A universidade inclusive já estuda a possibilidade de investir em graduações e especializações específicas para isso.
E para quem está formado há anos na área de comunicação como fica?
A forma de divulgar as ações de clientes e relacionamento com a imprensa também está mudando. Adaptar-se ao novo mundo das comunicações não é apenas necessário, é urgente. É o que afirma a jornalista Taís Sousa. “Negar a importância das redes sociais é suicídio de marca ou de imagem”, diz a jornalista.
“O desafio para quem está formada na área há um tempo não é apenas se adequar às novas tecnologias, mas pensar em como essas ferramentas podem ajudar a posicionar uma imagem, a melhorá-la e, o mais importante, como elas ajudam no relacionamento com o público”, explica Taís.
Ela diz ainda que, mais que se adequar, é uma área que requer estudos para fazer os investimentos corretos. “Fiz algumas oficinas de mídias sociais, mas sinto a necessidade de me especializar e escolhi o curso de marketing, com ênfase em ambientes digitais, para poder aliar minha experiência e conhecimento às novas tecnologias, em prol de oferecer um melhor serviço ao meu cliente”, explica.
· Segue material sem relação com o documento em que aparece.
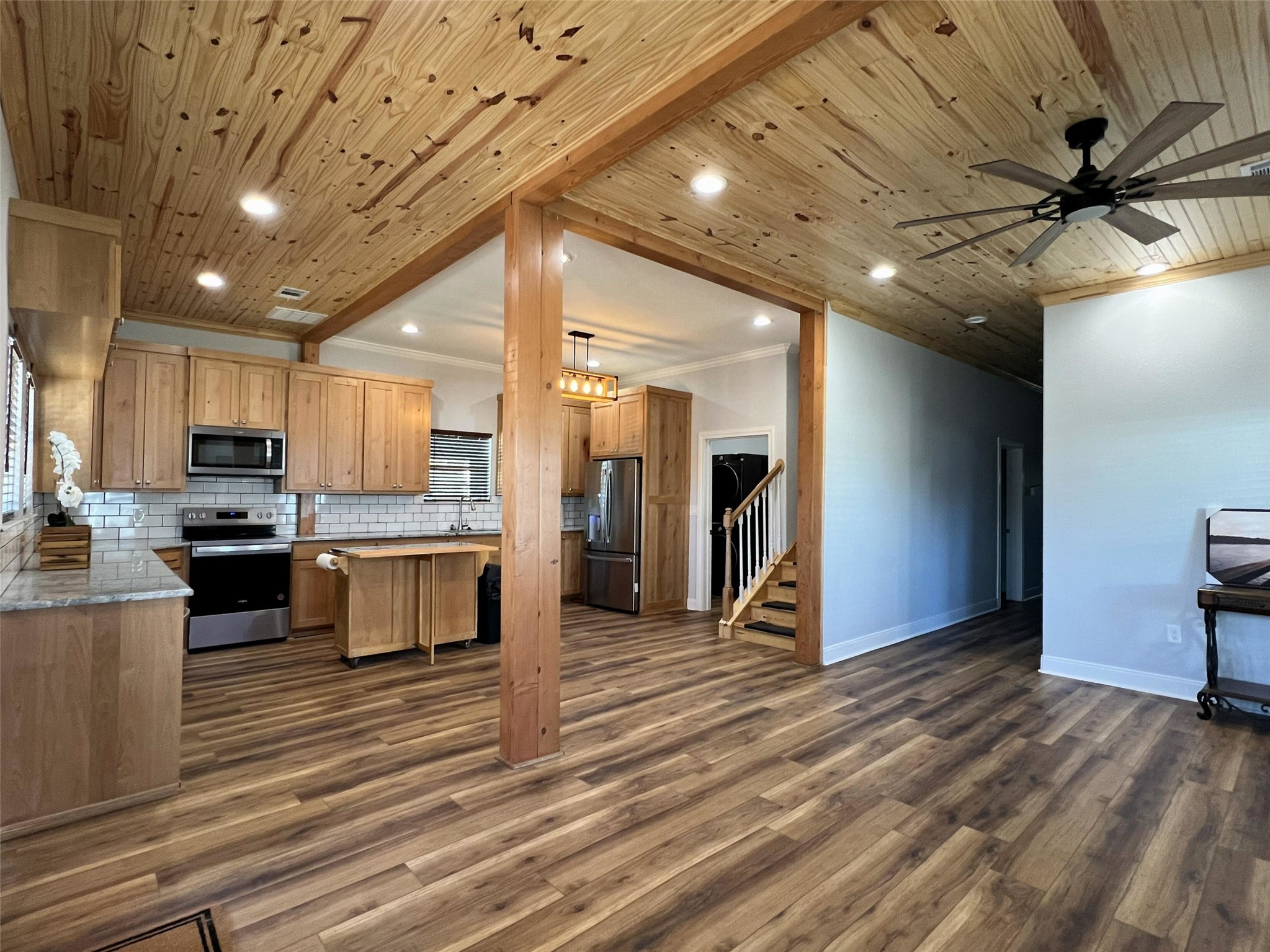 724 Franklin Bellevue TX 76228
Para Taís, as ferramentas mudaram, mas o objetivo ainda continua o mesmo: comunicar bem. “As pessoas não querem apenas saber das ações de empresa x ou instituição y. Elas querem fazer parte, querem se sentir próximas, querem ter voz”, ressalta.
Segundo pesquisa de 2015 da Fundação Getúlio Vargas, cada 1% a mais gastos por uma empresa em tecnologia se transforma, 2 anos depois, em crescimento de 7% no lucro da organização. Poucos investimentos, no Brasil e no mundo, oferecem uma taxa de retorno tão alta.